When you reach the line containing "Bathroom 2 is" in the records below, set it down exactly, together with every later line through the end, but not the pictures.

_GIVEN RECORDS:_
>>

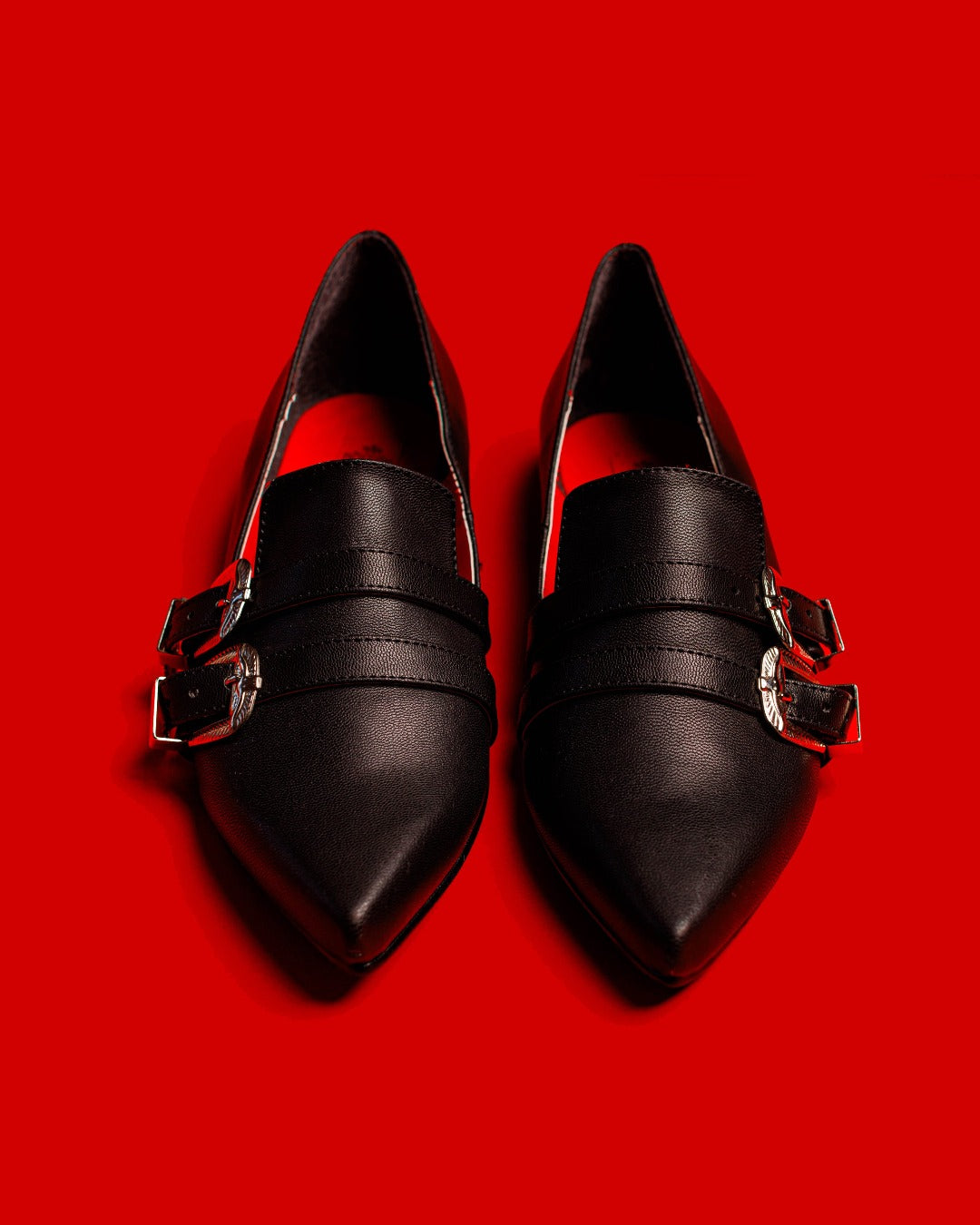 Front view of the Antonella flat shoes matte against a red background.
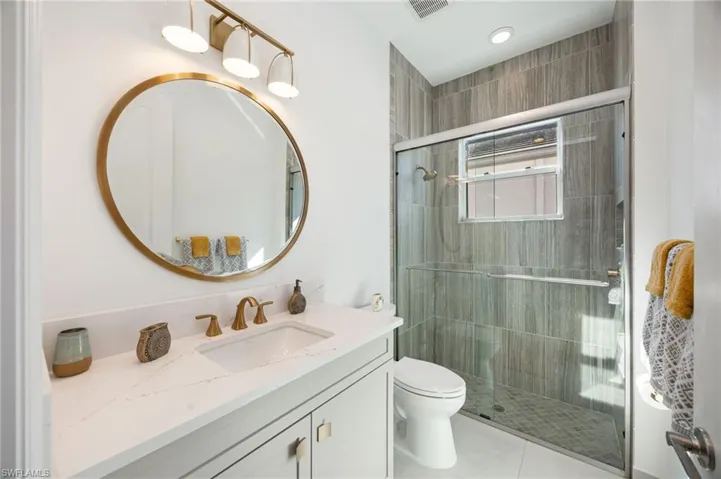 Bathroom 2 is located within the generous bedroom 2 suite, with gold accents and a light color scheme.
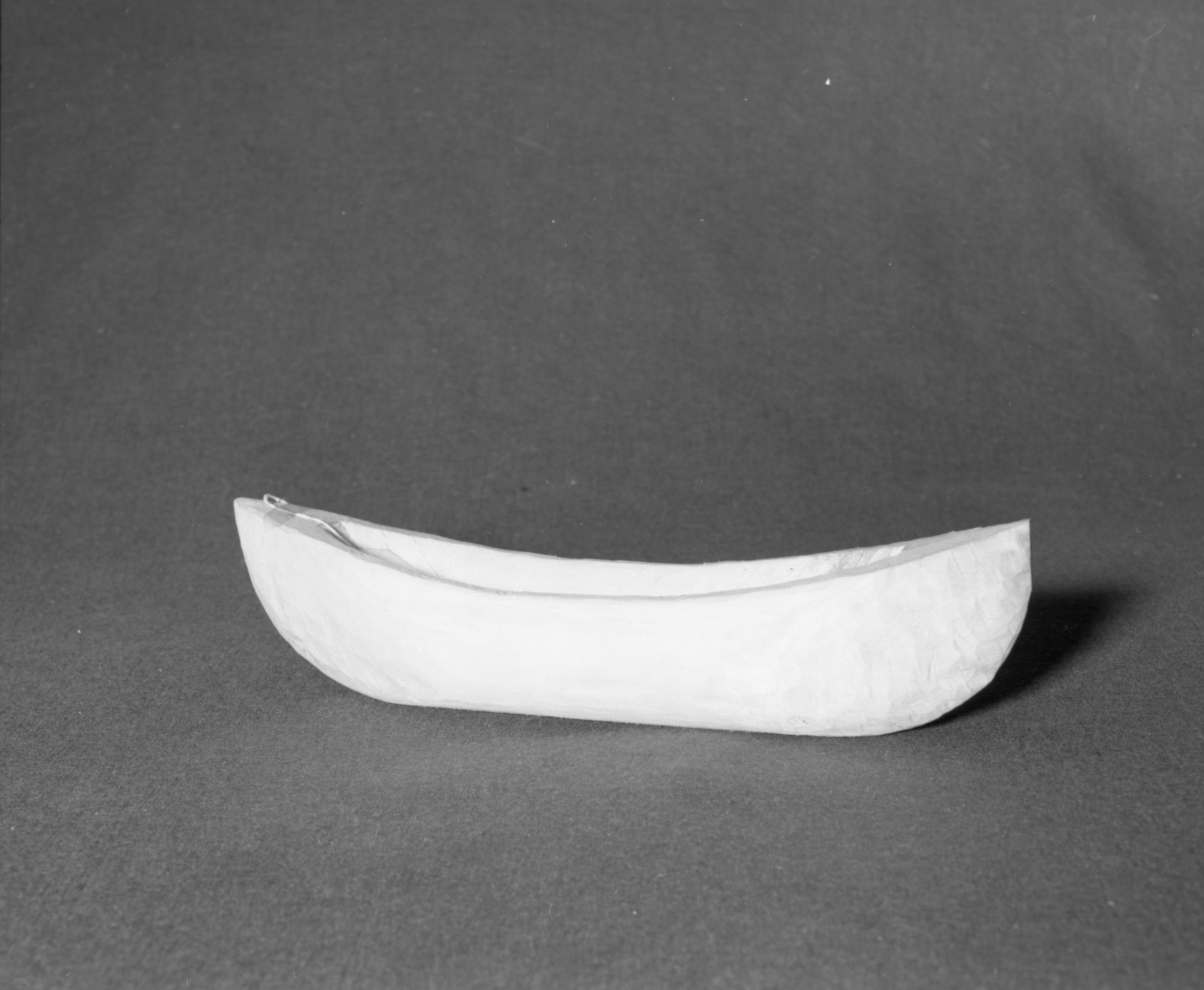 Marie Rozier Collection, Catalog No. 2-CAN-5. Object: Shushwap (Salishan) boat model. Dimensions: 16 x 3 1/2". Materials: Black cottonwood. Collection History: Made by young boy at Salmon Arm, B.C., 1969. Photographed by Michael Dixon, December 1982. Catalogued by Craig Bates and Barbara Beroza. Yosemite Collections, National Park Service.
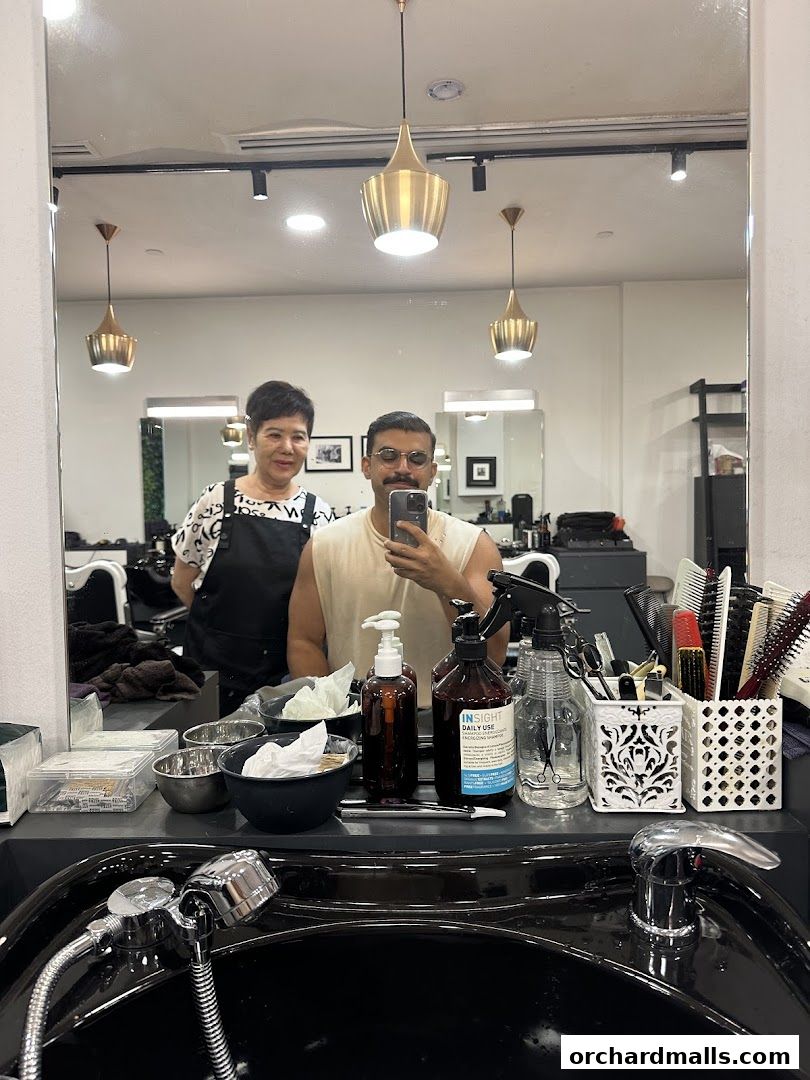 A man takes a selfie in a barber shop mirror with a barber behind him.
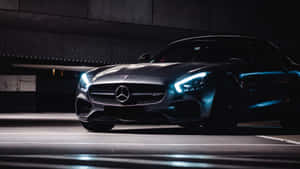 黑色 Mercedes-AMG GT 跑車停放在黑暗的地下車庫中，車頭燈發光。 — Mercedes Benz C300 壁紙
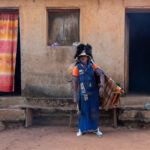 A Balafon Player outside his home (image by Inger Vandyke)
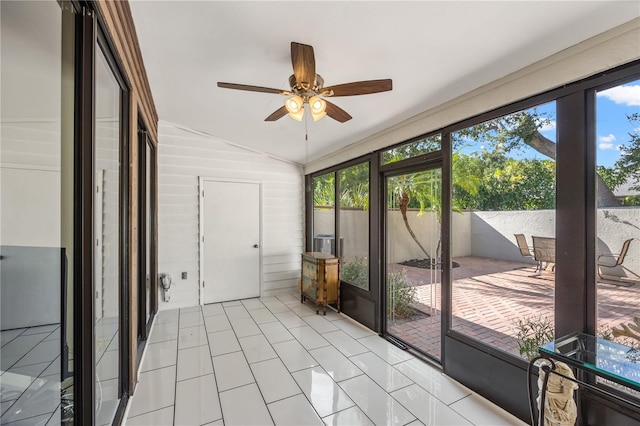 sunroom featuring vaulted ceiling, ceiling fan, and a wealth of natural light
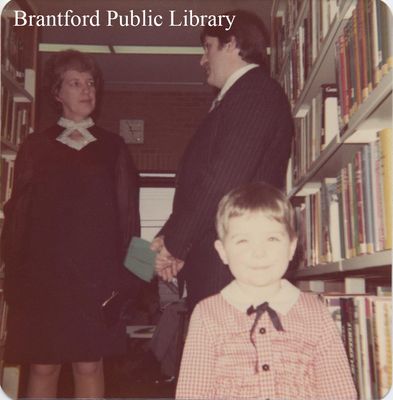 Two People Speak Behind a Smiling Child in the St. Paul Branch of the Brantford Public Library, Undated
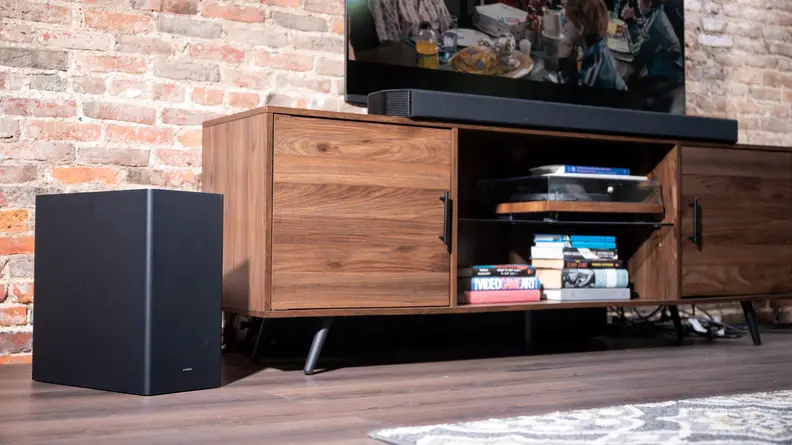 The black Q950a sits on a woodgrain cabinet in front of a large TV, with brick background.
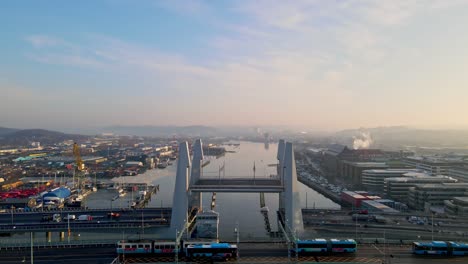 Aerial-View-Of-Trams-Crossing-Gotaalvbron-Next-To-Hisingsbron-Bridge-In-Gothenburg,-Sweden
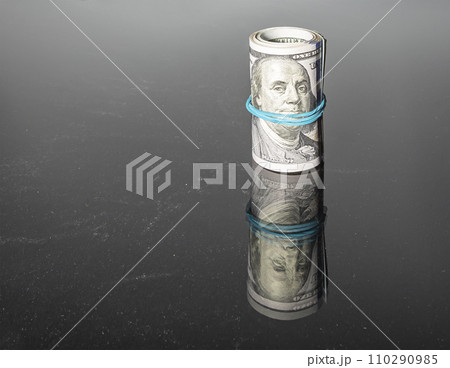 One hundred dollar bills, on a black background 110290985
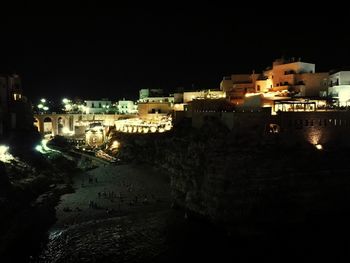 High angle view of illuminated houses against sky at night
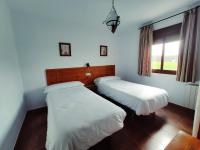 Łóżko lub łóżka w pokoju w obiekcie Complejo Apartamentos Rurales Molino de Abajo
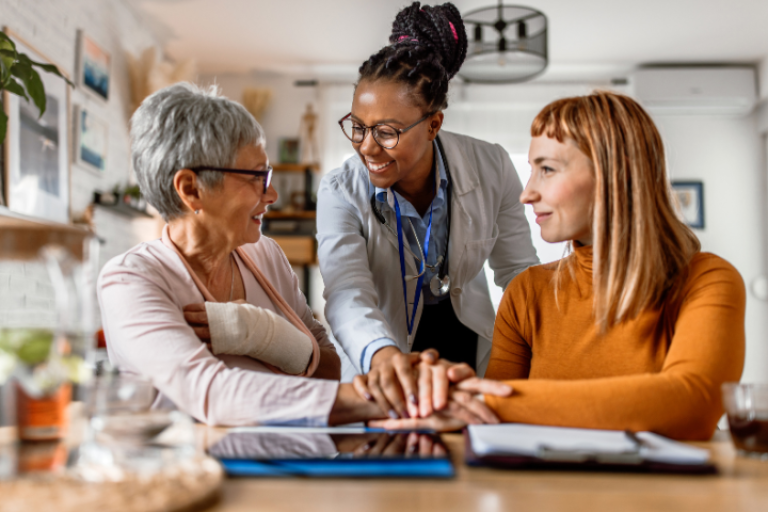 Three woman smiling at a desk in a home with clipboard in front of them 
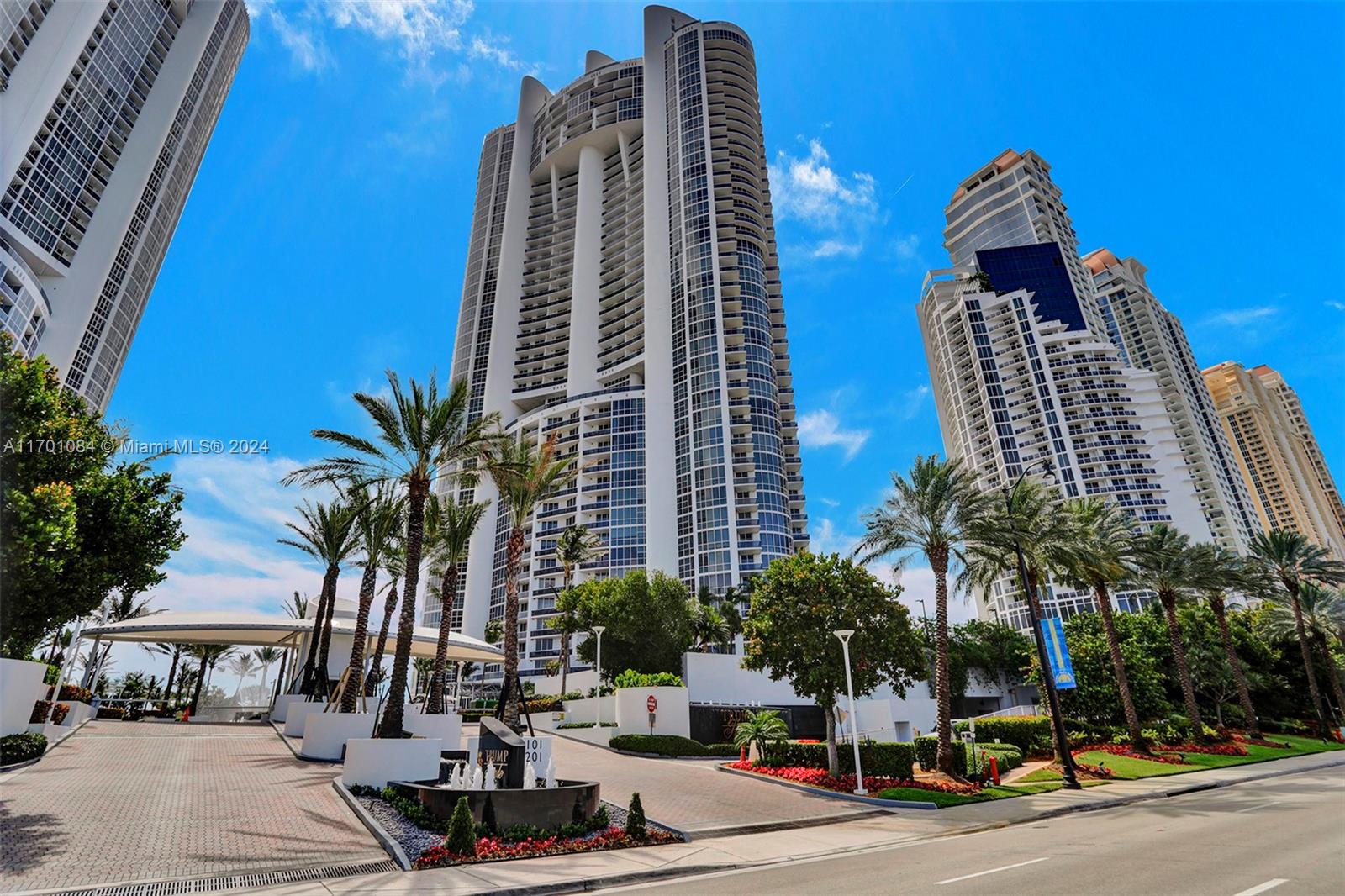 a view of a tall building next to a road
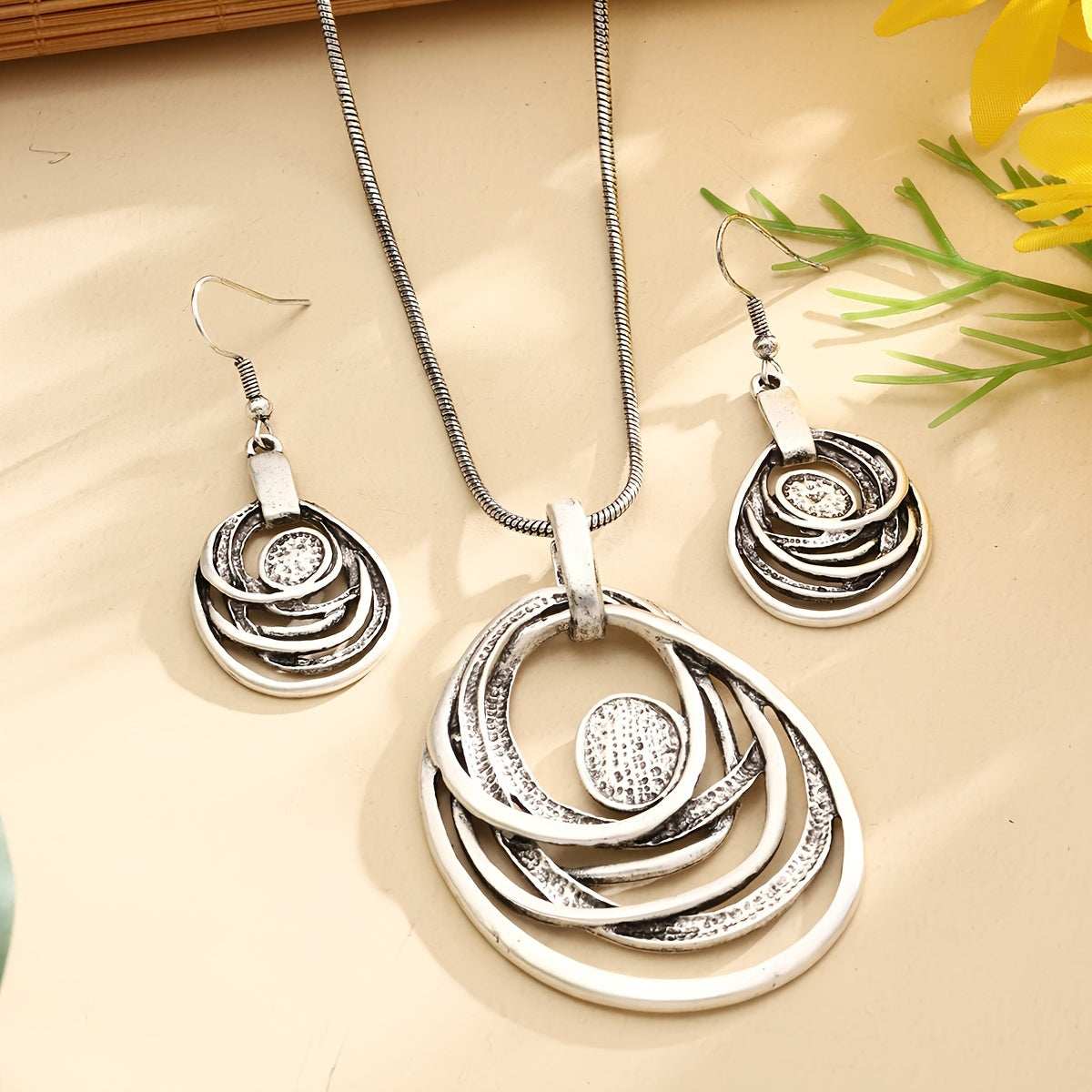 This set includes a pair of earrings and two necklaces made of zinc alloy in an ancient silvery color. The necklaces feature a multi-layer circular mosaic design with a retro bohemian style and a hollow center. This leisure jewelry set is perfect as a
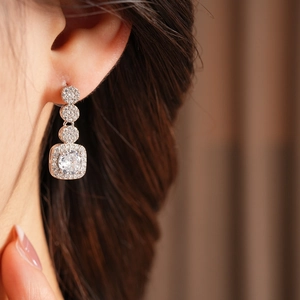 Macro detail of rose gold earrings with square pendants and sparkling cubic zirconia stones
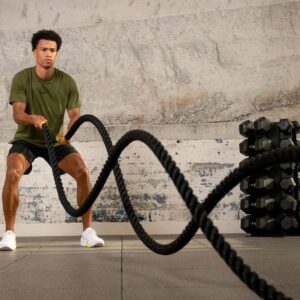 Person performing alternating wave battle rope workout for fitness and endurance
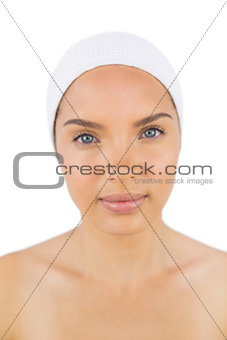 Beuatiful woman wearing a headband looking at camera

<<

_SOLUTION TO THE EXERCISE:_
 Bathroom 2 is located within the generous bedroom 2 suite, with gold accents and a light color scheme.
 Marie Rozier Collection, Catalog No. 2-CAN-5. Object: Shushwap (Salishan) boat model. Dimensions: 16 x 3 1/2". Materials: Black cottonwood. Collection History: Made by young boy at Salmon Arm, B.C., 1969. Photographed by Michael Dixon, December 1982. Catalogued by Craig Bates and Barbara Beroza. Yosemite Collections, National Park Service.
 A man takes a selfie in a barber shop mirror with a barber behind him.
 黑色 Mercedes-AMG GT 跑車停放在黑暗的地下車庫中，車頭燈發光。 — Mercedes Benz C300 壁紙
 A Balafon Player outside his home (image by Inger Vandyke)
 sunroom featuring vaulted ceiling, ceiling fan, and a wealth of natural light
 Two People Speak Behind a Smiling Child in the St. Paul Branch of the Brantford Public Library, Undated
 The black Q950a sits on a woodgrain cabinet in front of a large TV, with brick background.
 Aerial-View-Of-Trams-Crossing-Gotaalvbron-Next-To-Hisingsbron-Bridge-In-Gothenburg,-Sweden
 One hundred dollar bills, on a black background 110290985
 High angle view of illuminated houses against sky at night
 Łóżko lub łóżka w pokoju w obiekcie Complejo Apartamentos Rurales Molino de Abajo
 Three woman smiling at a desk in a home with clipboard in front of them 
 a view of a tall building next to a road
 This set includes a pair of earrings and two necklaces made of zinc alloy in an ancient silvery color. The necklaces feature a multi-layer circular mosaic design with a retro bohemian style and a hollow center. This leisure jewelry set is perfect as a
 Macro detail of rose gold earrings with square pendants and sparkling cubic zirconia stones
 Person performing alternating wave battle rope workout for fitness and endurance
 Beuatiful woman wearing a headband looking at camera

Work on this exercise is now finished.